Written by: George Prior
Greater regulatory scrutiny of cryptocurrencies such as Bitcoin must become a priority as they continue to play an increasingly normalised role for investors, says the CEO of one of the world’s largest independent financial advisory and fintech organizations.
deVere Group’s chief executive and founder Nigel Green – a long time advocate of cryptocurrencies - is speaking out after both the UK’s Financial Conduct Authority (FCA) and the president of the European Central Bank (ECB) called for more robust regulations for cryptocurrencies this week.
The calls follow the price of Bitcoin jumping more than 300% last year and gained a further 40% earlier this month to reach an all-time high.
Mr Green says: “The calls by financial watchdogs and central banks for greater regulatory scrutiny must be championed as digital currencies, including Bitcoin, are set to play an ever greater role in the international financial system.
“What’s needed is a strong regulatory framework to be established and approved at an international level.

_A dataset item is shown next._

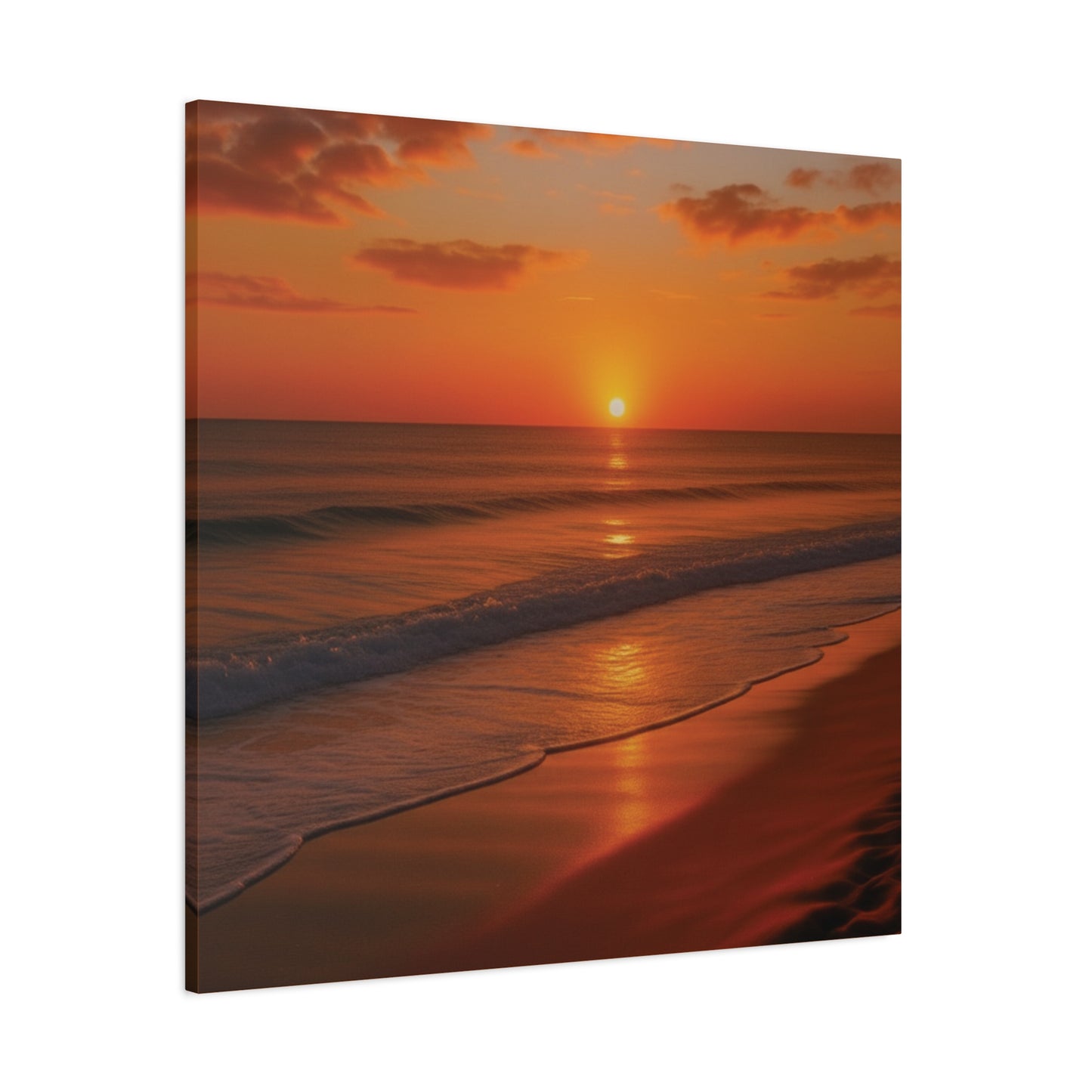 Serene Golden Sunrise on the Horizon Canvas Wall art print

The forthcoming UK-hosted G20 summit might prove to be the ideal opportunity.
“Such regulation will help protect investors, tackle cryptocurrency criminality, and reduce the potential possibility of disrupting global financial stability, as well as offering a potential long-term economic boost to those countries which introduce it.”

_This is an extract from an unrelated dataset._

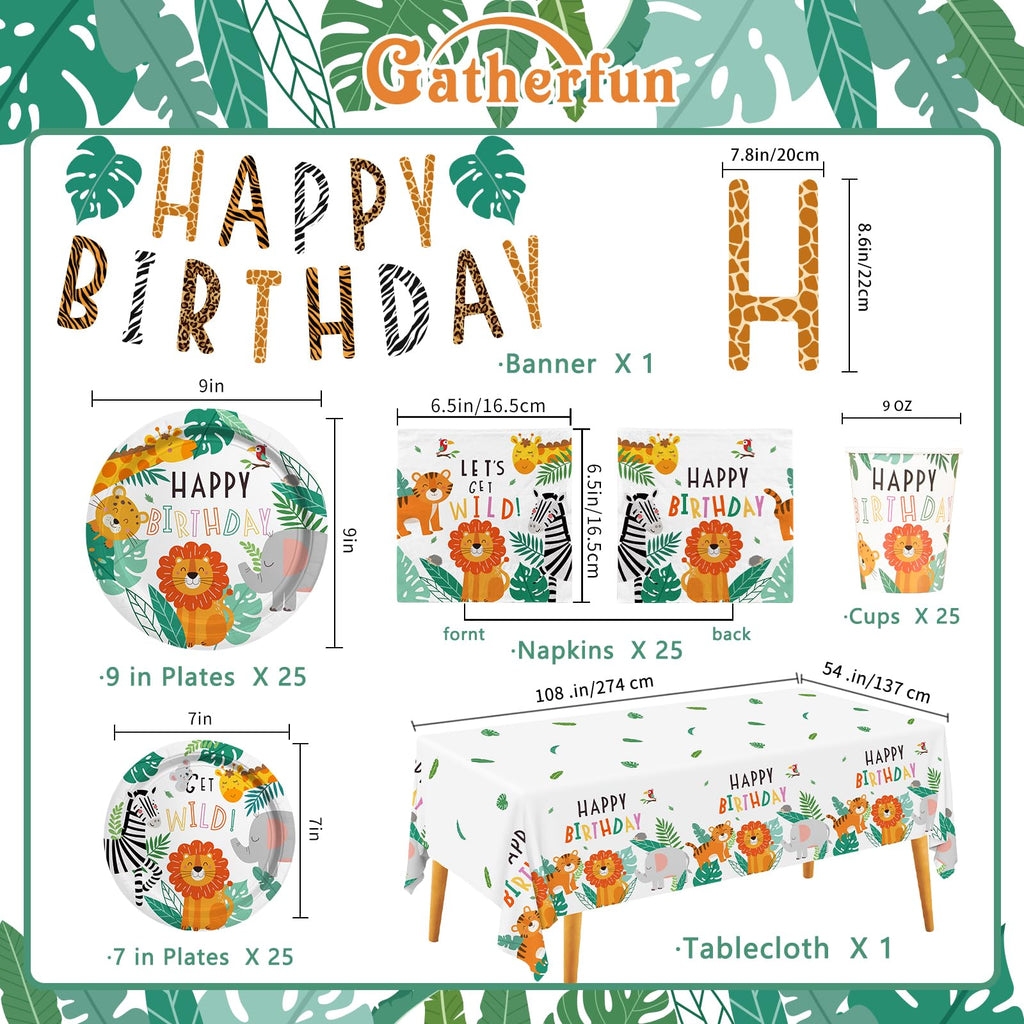 Gatherfun Safari Jungle Birthday Party Supplies – 25-Count Dinner Plates, Dessert Plates, Napkins, Cups, Banner & Tablecloth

He continues: “There is sustained and growing interest in the likes of Bitcoin from both retail and institutional investors. They are now increasingly handling the assets as they would any other asset in the portfolio –for example, sometimes profit-taking, sometimes reinvesting, using the volatility to their advantage, and using these alternatives to help with all-important diversification.
“These mainstream, normalised investor strategies demonstrate that cryptocurrencies must come into the regulatory tent and be held the same standards as the rest of the financial system.”

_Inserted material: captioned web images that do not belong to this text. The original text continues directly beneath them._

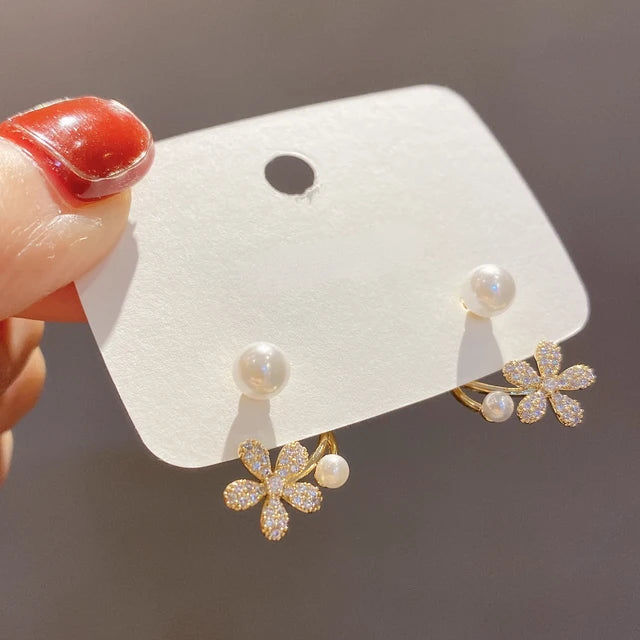 Upscale 14k Gold Jewelry Real Gold Earrings Zircon Pearl Twist Luxury Stud Earrings for Women Brincos Pendientes Bijoux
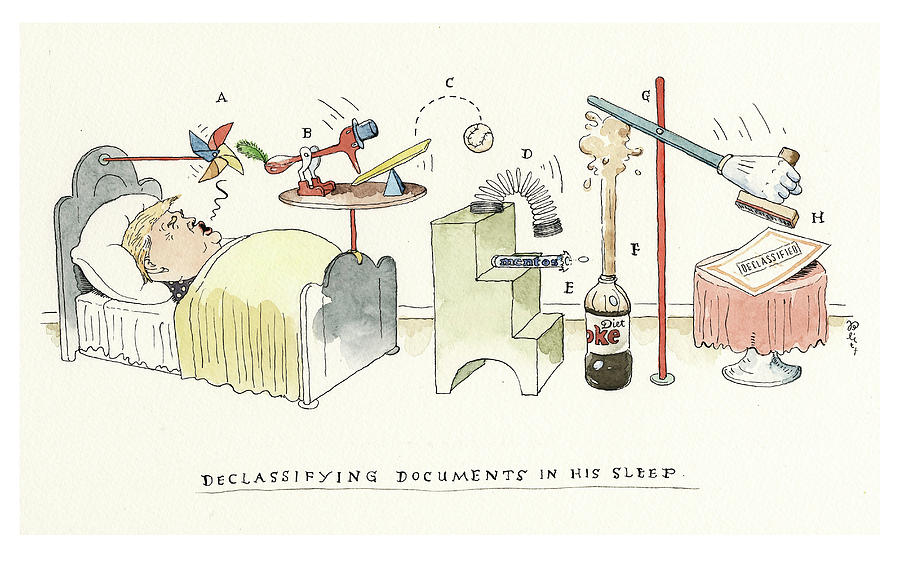 Donald Dreams of Declassifying Documents Painting by Barry Blitt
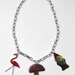 Garden Gnome, Flamingo and Mushroom Charms on a Silver Plated Chain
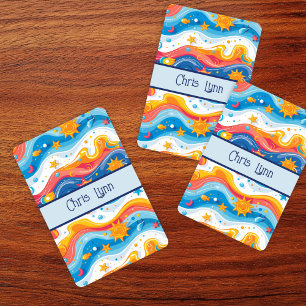 Abstrakt Ocean Beach Theme Waves Fish Sun Spielkarten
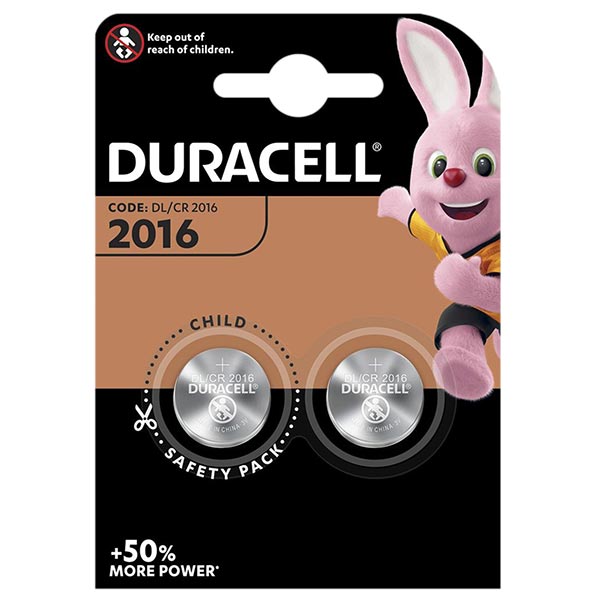 BLISTER 2 PILE DURACELL 3V CR2016 (SCATOLA 10 BLISTER)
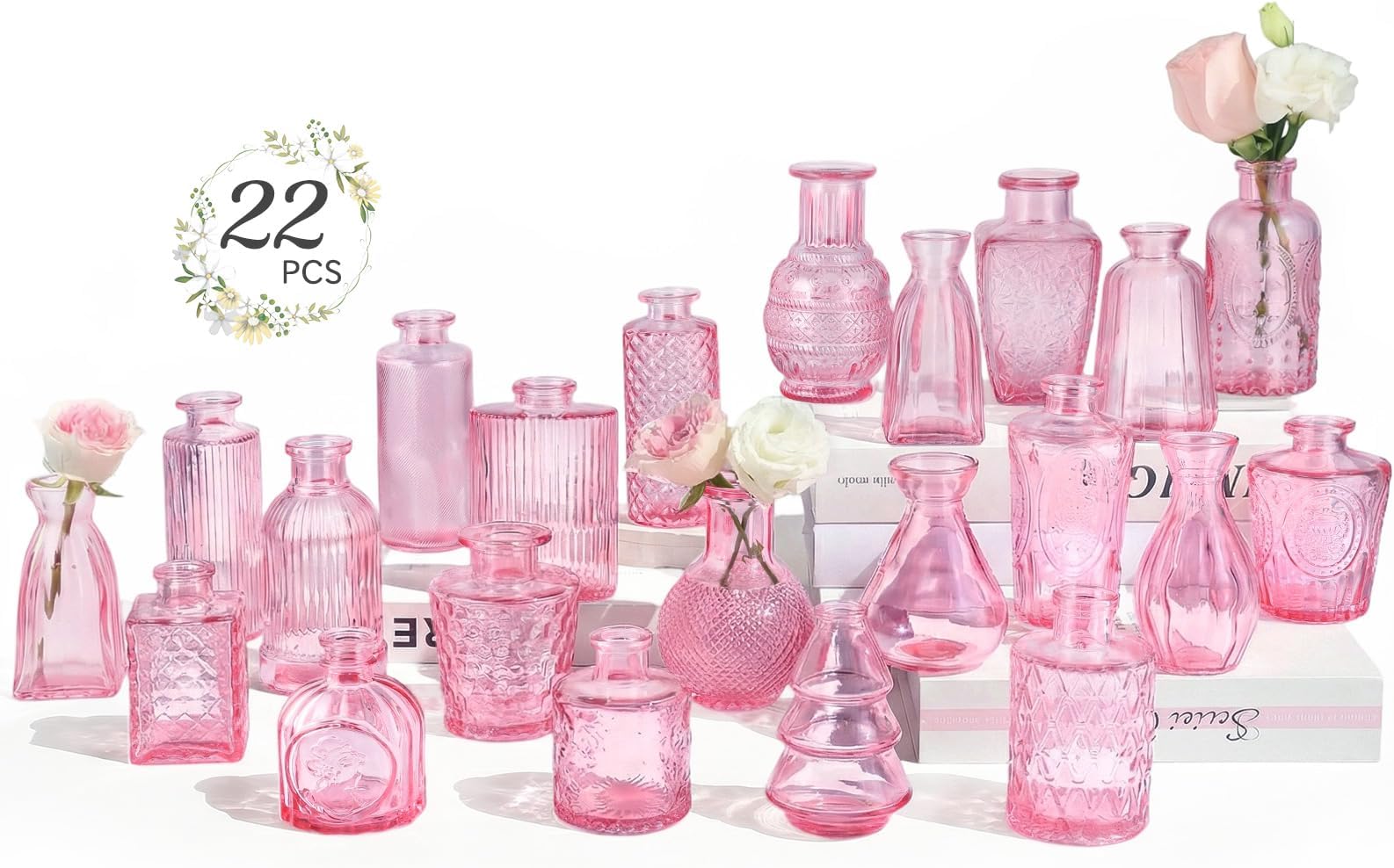 RUCKAE Pink Flower Vase in Bulk 22 Glass Bud Vases Vintage Small Vases for Centerpiece Table Wedding Decorations Home Decor Party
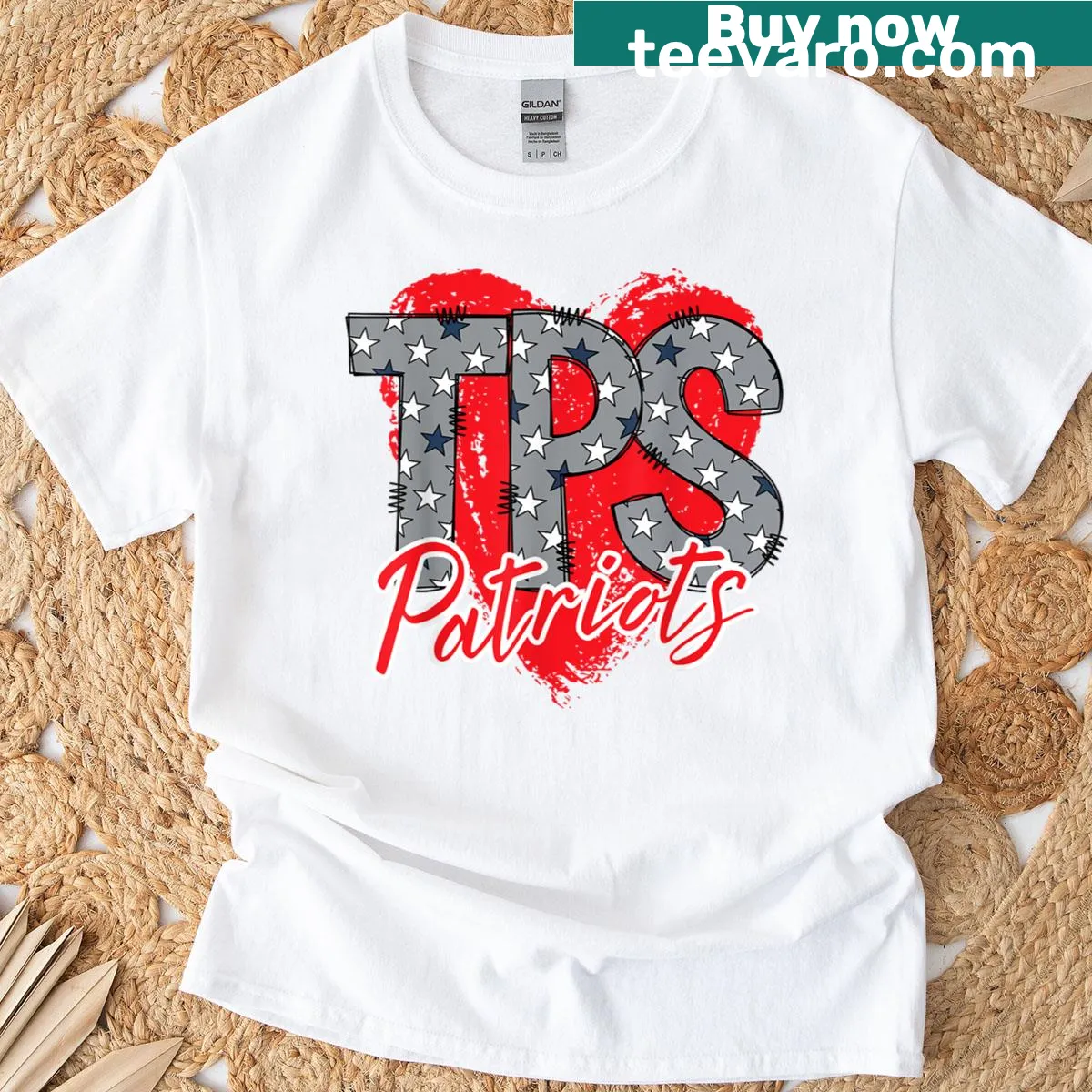 Temecula Preparatory School T-shirt with initials in heart design — on a men's t-shirt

Previously, the deVere boss has said that one of the best ways to address the regulatory issues is via the exchanges.
“Nearly all foreign exchange transactions go through banks or currency houses and this is what needs to happen with cryptocurrencies. When flows run through regulated exchanges, it will be much easier to tackle potential wrongdoing, such as money laundering, and make sure tax is paid,” he has noted.
“For this to happen, banks will need to open accounts for exchanges, which is why they must be regulated.”
Mr Green concludes: “Cryptocurrencies in some form or another are here to stay – and the market is only set to grow.
“There can be no doubt that regulation of the crypto ecosystem is required and, I believe, it should be a priority.
“The work being done by many international financial watchdogs, lawmakers and central banks, such as the FCA and the ECB, in this area is something I fully support.”